Kancheepuram: It’s half past midnight in Kancheepuram’s SEZ. The UV lights are on in what looks like an almost emptied-out factory floor. Its eerie silence is broken by a quiet melodic beep, like an ICU’s heart-rate monitor, and the swish of a robotic arm slicing through air. It’s a new kind of factory soundscape. There are no human beings.
Welcome to India’s only dark factory.
Here lies the sanctum sanctorum of the country’s industrial future—robots assembling semiconductor chips without any human supervision. In what is called a cleanroom, there’s a silent rhythm of titanium hands performing an intricate, choreographed dance, set against the hypnotic loop of a Ganesha prayer.
The semiconductor manufacturing unit, Polymatech, set up in 2018 in Kancheepuram’s Oragadam, stands at the cusp of the next industrial revolution. It’s a hyper-automation setup, turned ‘upside down’, where a handful of people and an army of machines produce goods faster, at a fraction of the cost, without compromising on quality.
“I want the engineers to sit outside the shop floor. I don’t want them to work; it’s only the machines that have to work,” said Vishaal Nandam, director at Polymatech.
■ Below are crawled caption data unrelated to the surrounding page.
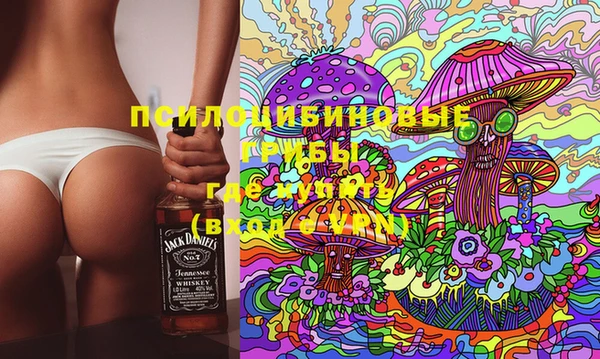 соль ск Пересвет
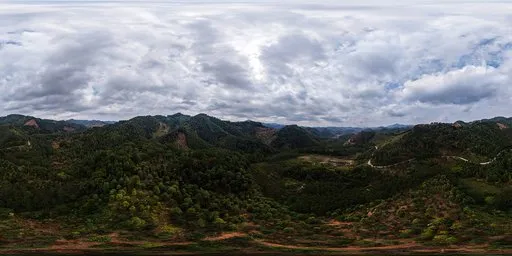 Cloudy forest sky HDRI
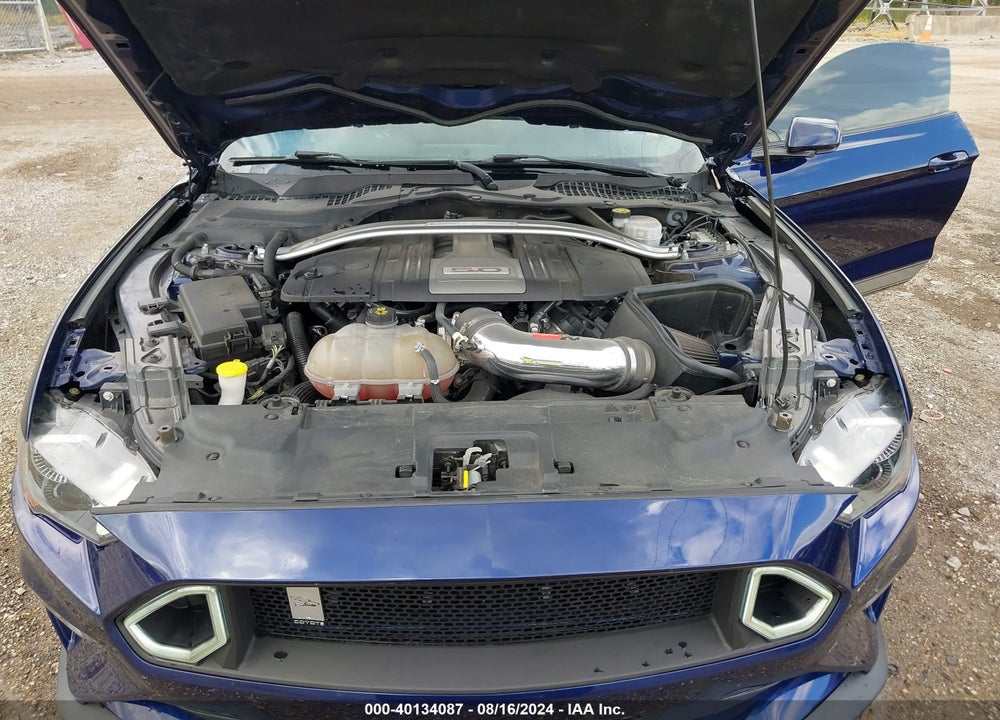 2019 FORD MUSTANG GT VIN: 1FA6P8CF0K5117688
The robots here work 24×7, with a 30-minute break once a year. The engineers, by comparison, have no fixed shifts.
With the vigour of a well-drilled battalion, robots here assemble the semiconductor chips and printed circuit boards (PCB) that breathe light into mobile phones, laptops, and TV backlights. Precision down to the last nanometre is a non-negotiable key result area (KRA). The robots have their own call signs held up through stack lights affixed to the side of each machine. Red is a hiccup, yellow is ready-to-roar, green is clear sailing.